The only odd thing in the dream was that in the old house we were leaving behind a lot of stuff I thought we should be taking. The attic was full of stuff, mostly toys. I thought if we were selling the house to a family it would be nice to leave the toys for them, but we were selling the house to a baseball association.  I found some of Grandma's afghans in the attic as well. I wanted to at least keep an all-white one, but had trouble getting to it because I spotted a huge black widow spider. Grandma was there in the attic with me.

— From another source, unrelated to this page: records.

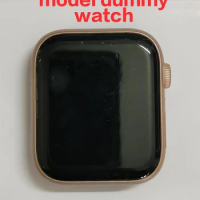 Not Working Fake Phone For Apple S6 Watch Series 6 Model Dummy Phone Replica Cell Phone Copy Counter Display Toys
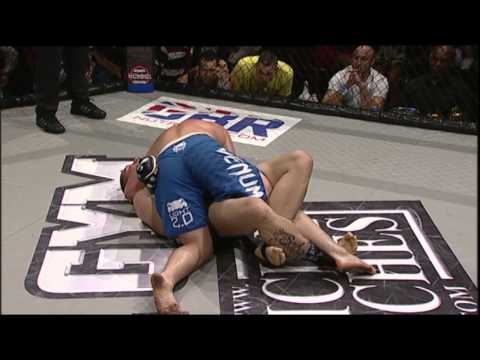 Kajetan Szoma v Harry Allen WCMMA 16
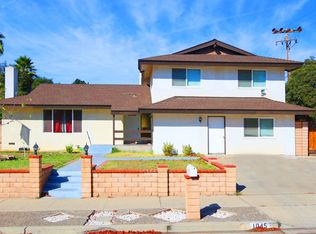 1045 David Rd, Santa Maria, CA 93455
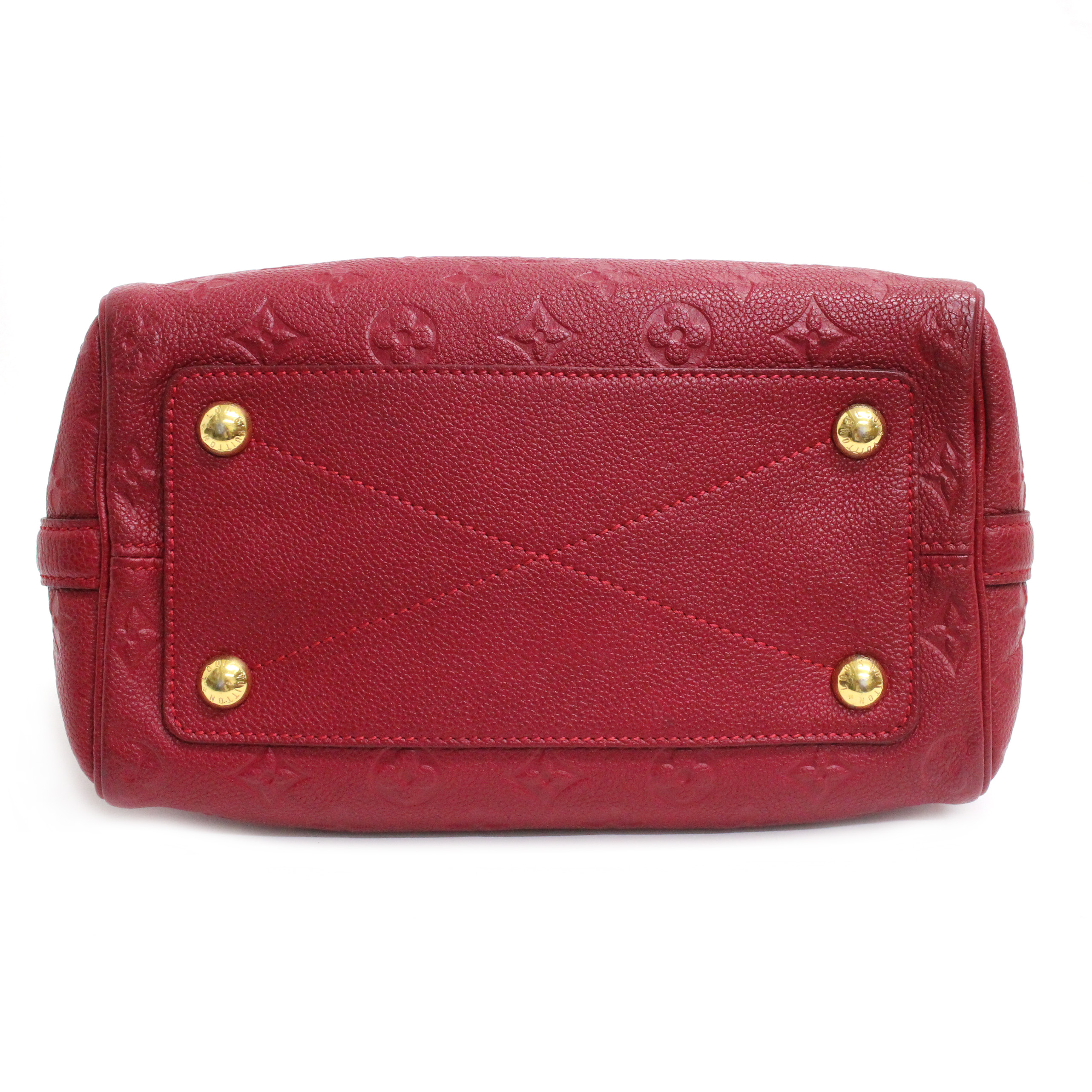 25SS 新作★美しい♪Louis Vuitton★バレリーナロミー ロミー バレリーナ ｜ルイ・ヴィトン 公式サイト - 1ACUKL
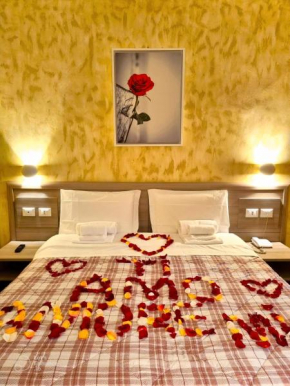 Hotel Orchidea Torino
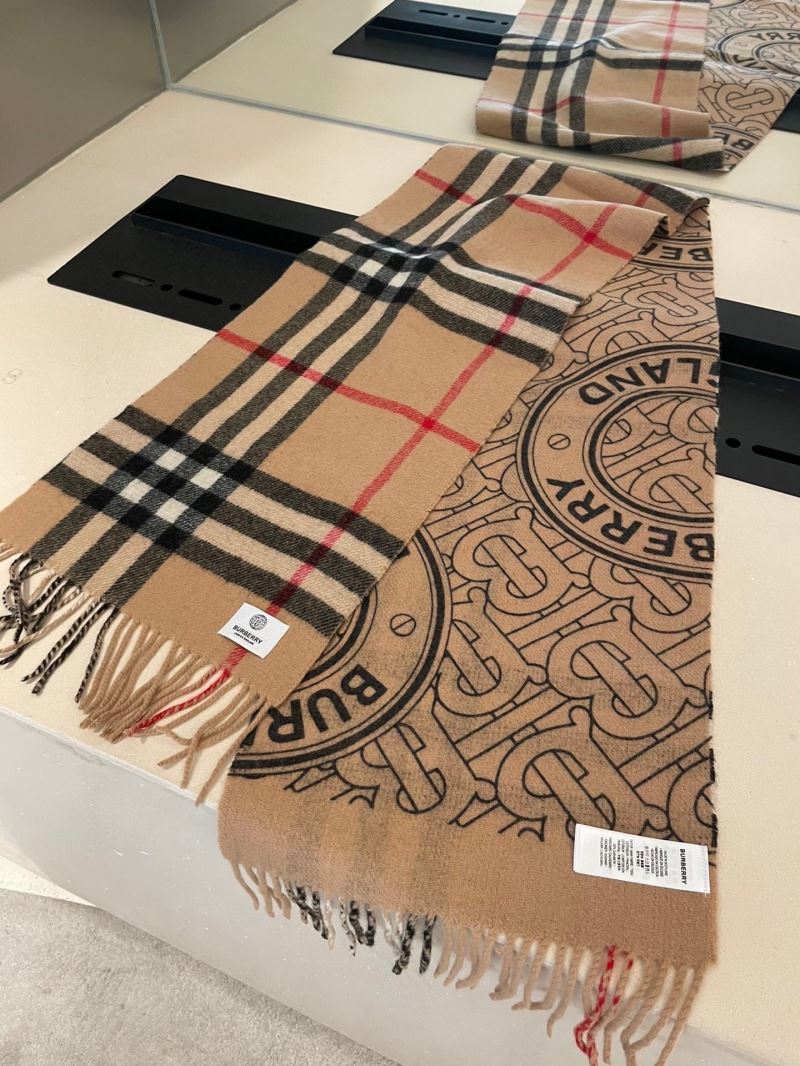 Burberry Scarf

The thing that vexed me the most was that we hadn’t taken any of the dressers. I complained to Mom that I wouldn’t have anywhere to put my clothes in the new house. She suggested a cardboard box, but I was complaining how ridiculous that seemed when we had all of these dressers. Jamie had a gorgeous, tall antique chest of drawers. She was talking about how perhaps she could get $150 for it if she sold it. I thought it would make a perfect dresser for me if only I could convince everyone else to move the dressers to the new house.

The dressers obviously symbolize something. Mom and Dad’s house (my childhood home) has always symbolized my Self, and these moving dreams always seem to be about moving into a newer Self, in this case also a more expansive self.  Dressers contain our clothes, which we use to don different forms of self-expression. But it wasn’t that I’d be without clothes, it was that I’d be without a container to hold them. And a cardboard box wasn’t good enough. I wanted something beautiful, with character and the patina of age, like Jamie’s dresser. Even my dresser (from childhood) is probably, technically, an antique now. Any dresser would’ve been better than a cardboard box.

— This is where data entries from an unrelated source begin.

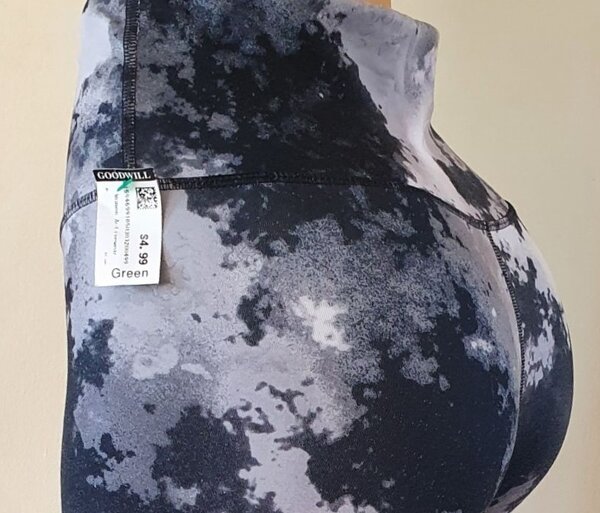 active wear bottoms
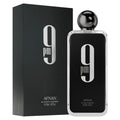 Afnan 9PM Black 5.07oz Men EDP Spray by Afnan
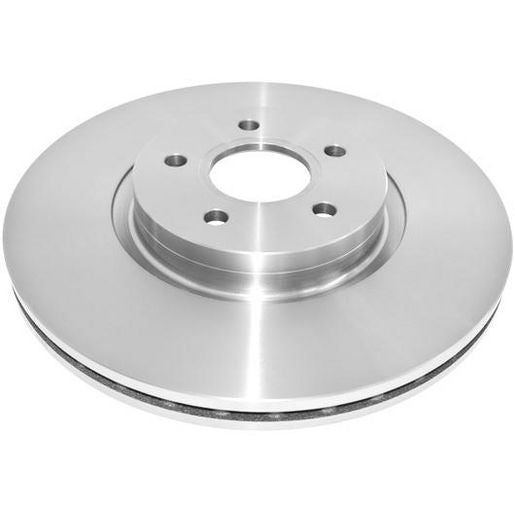 DBA Standard Brake Rotor Single 320mm Front DBA2120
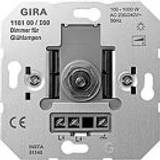 Gira Dimmer-Einsatz 100-1000W 118100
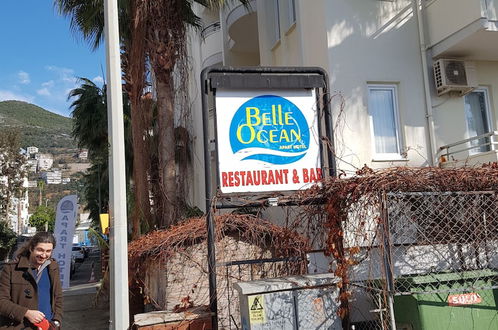 Photo 67 - Belle Ocean Apart Hotel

I was arguing vehemently that we need to have beautiful containers to house our self-expression, our various forms of self expression--but what does that really mean? If I move into a more expansive Self, I still want a beautiful container to house my various forms of self-expression. Each form of self-expression I don, each persona, is not me in my totality. All of those various expressions, together, should be a thing of beauty. But even all of those are not all of me. The whole house represents the whole Self. The dresser only represents the various aspects of self which manifest discretely.

The toys in the attic--they represent playful spontaneity. I wanted them to go to children who would fully engage with them—not to a baseball association—where play has become rigid and overly formalized.

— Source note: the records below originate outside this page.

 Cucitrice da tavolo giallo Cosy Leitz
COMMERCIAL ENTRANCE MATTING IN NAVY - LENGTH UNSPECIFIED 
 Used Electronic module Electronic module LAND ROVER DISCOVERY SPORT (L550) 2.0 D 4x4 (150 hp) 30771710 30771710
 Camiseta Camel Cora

And Grandma’s afghans….as far as I know, she never did crochet an all-white one. The color white contains all other colors, but is an absence of color as well. What does the afghan represent? It represents my connection to Grandma of course—to memories of my personal past, what’s gone before. It’s an item of warmth and comfort; it represents love. The purity of love. And how love contains everything. The afghan is made up of both matter and empty space—yarn endlessly looping back upon itself and interconnecting with other parts of itself. The form of it is created by the intersection of matter and emptiness. (Earth and sky?)

Back to the symbolism of the dresser. The dresser I was most drawn to was tall, wide, but narrow from front to back. In proportion and styling it reminded me of a Shaker piece—simple, and elegantly understated.  But the finish on it was not Shaker—it was very rich, had beautiful depth, perhaps it was a wax finish which had been painstakingly built up over many years of attention. This seems to represent myself as I’m currently manifesting—in this context of voluntary simplicity.

Another interesting thing was Mom’s cardboard box comment. It was implied that the cardboard box would be one left over from the move. So I would’ve been basically living out of a box, as if the move were only temporary. But it wasn’t meant to be a temporary move. There seems to be symbolism there about living outside of the box too. A cardboard box is ugly—that was a big part of my objection to it. I wanted to live in a beautiful space.